Work order
A bare number is the only acceptable answer: how many lines of these entries include "from"?

Supplied data
=-=-=
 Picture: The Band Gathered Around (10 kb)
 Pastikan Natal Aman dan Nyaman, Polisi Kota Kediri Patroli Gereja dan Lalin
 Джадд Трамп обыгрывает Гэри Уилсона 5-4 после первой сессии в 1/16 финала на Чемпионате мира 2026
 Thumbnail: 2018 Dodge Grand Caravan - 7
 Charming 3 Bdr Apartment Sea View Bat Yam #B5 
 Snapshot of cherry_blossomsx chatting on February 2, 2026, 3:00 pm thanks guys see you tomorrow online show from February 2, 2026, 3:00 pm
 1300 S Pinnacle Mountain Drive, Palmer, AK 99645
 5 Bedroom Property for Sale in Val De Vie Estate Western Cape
=-=-=
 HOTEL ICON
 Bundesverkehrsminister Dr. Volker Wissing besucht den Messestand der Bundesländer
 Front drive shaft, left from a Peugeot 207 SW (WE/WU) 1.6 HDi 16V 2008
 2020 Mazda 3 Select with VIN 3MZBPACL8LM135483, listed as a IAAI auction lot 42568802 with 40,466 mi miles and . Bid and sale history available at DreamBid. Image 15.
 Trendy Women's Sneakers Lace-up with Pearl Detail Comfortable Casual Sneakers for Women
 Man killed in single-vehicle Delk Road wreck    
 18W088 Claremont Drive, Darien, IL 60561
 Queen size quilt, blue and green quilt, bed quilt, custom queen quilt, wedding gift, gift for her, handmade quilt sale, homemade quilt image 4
=-=-=
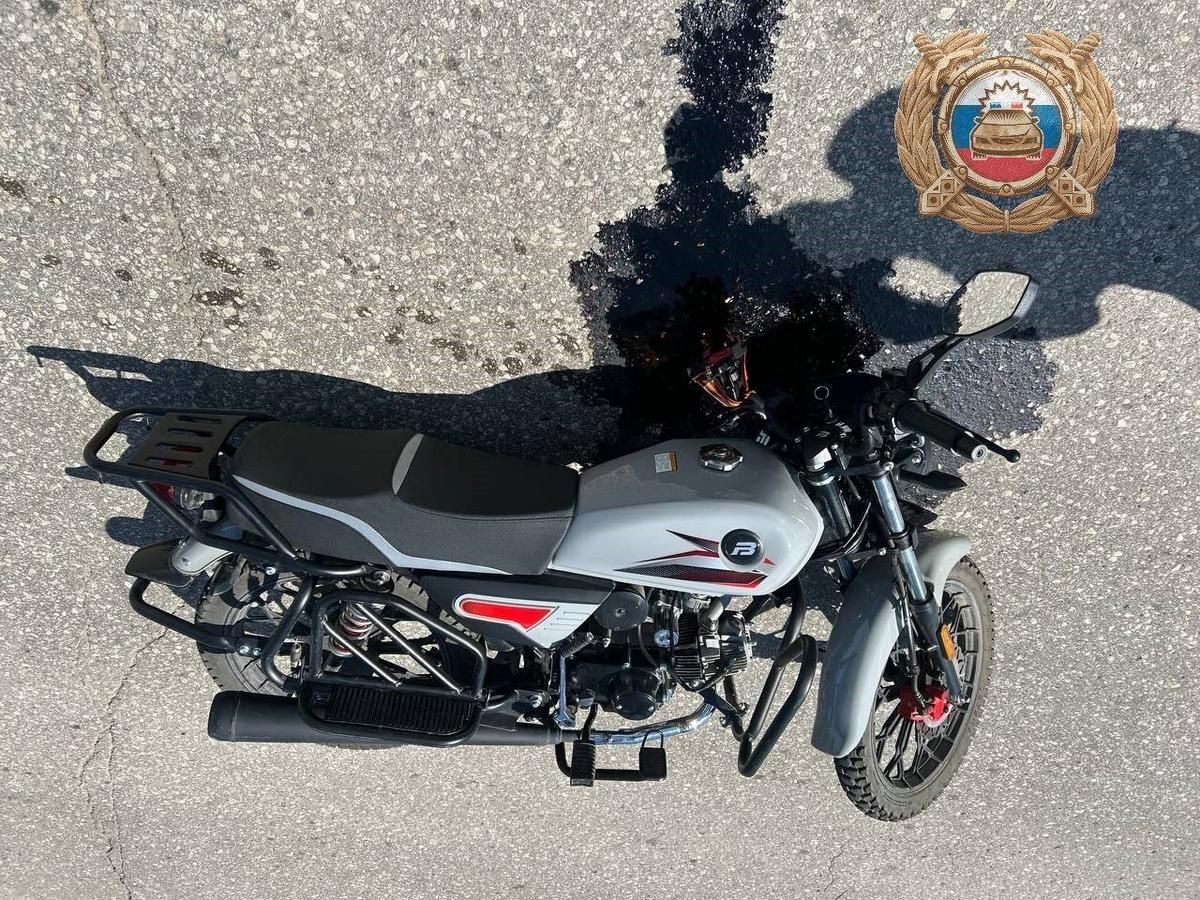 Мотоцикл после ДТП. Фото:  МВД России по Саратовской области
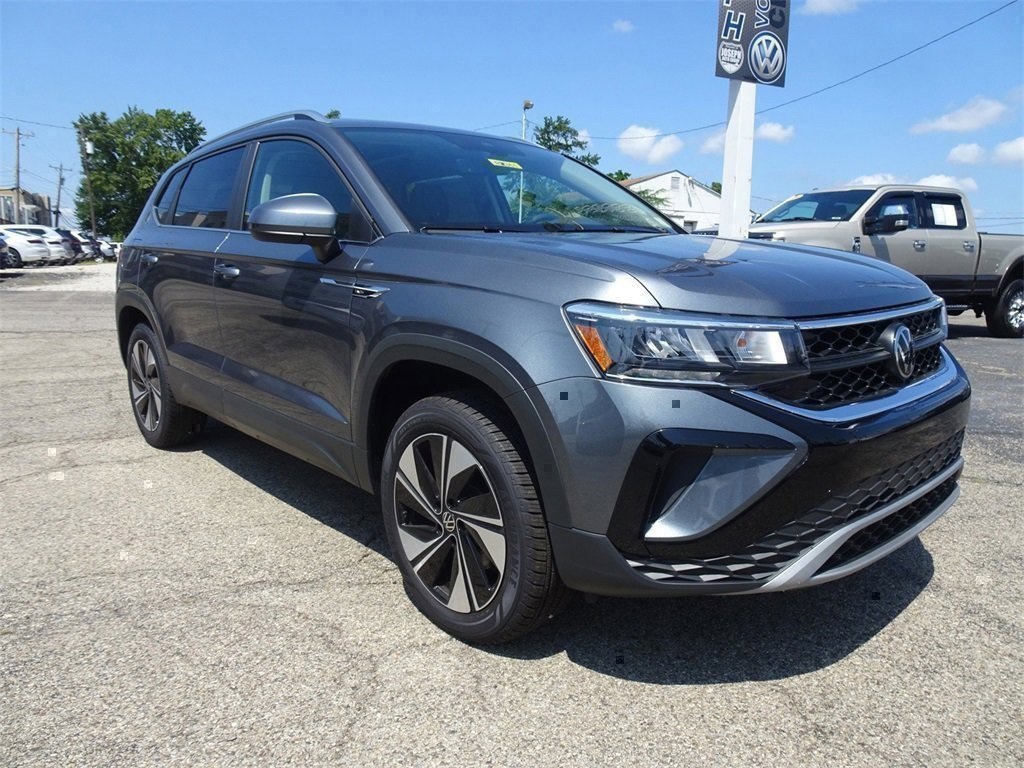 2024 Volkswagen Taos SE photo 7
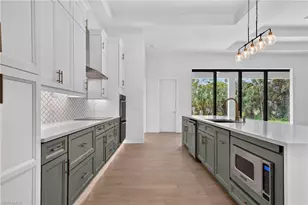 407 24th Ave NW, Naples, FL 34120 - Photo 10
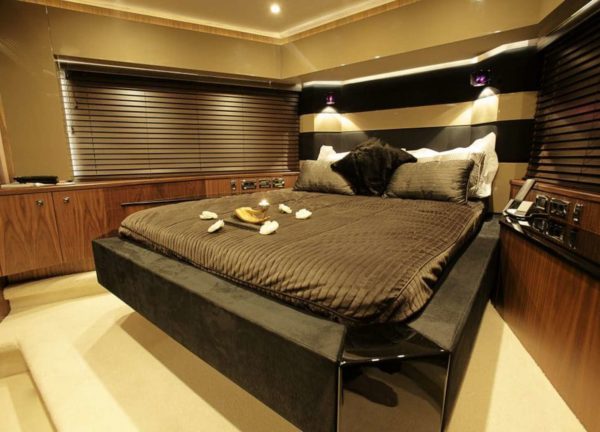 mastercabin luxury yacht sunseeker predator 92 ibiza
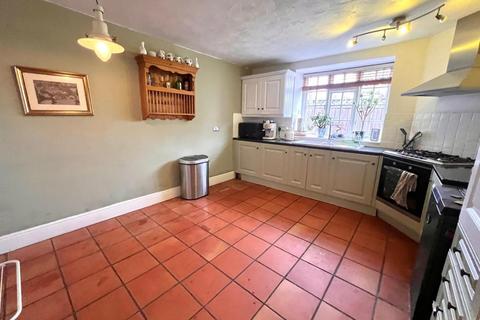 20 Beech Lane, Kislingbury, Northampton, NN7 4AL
=-=-=
Written answer
2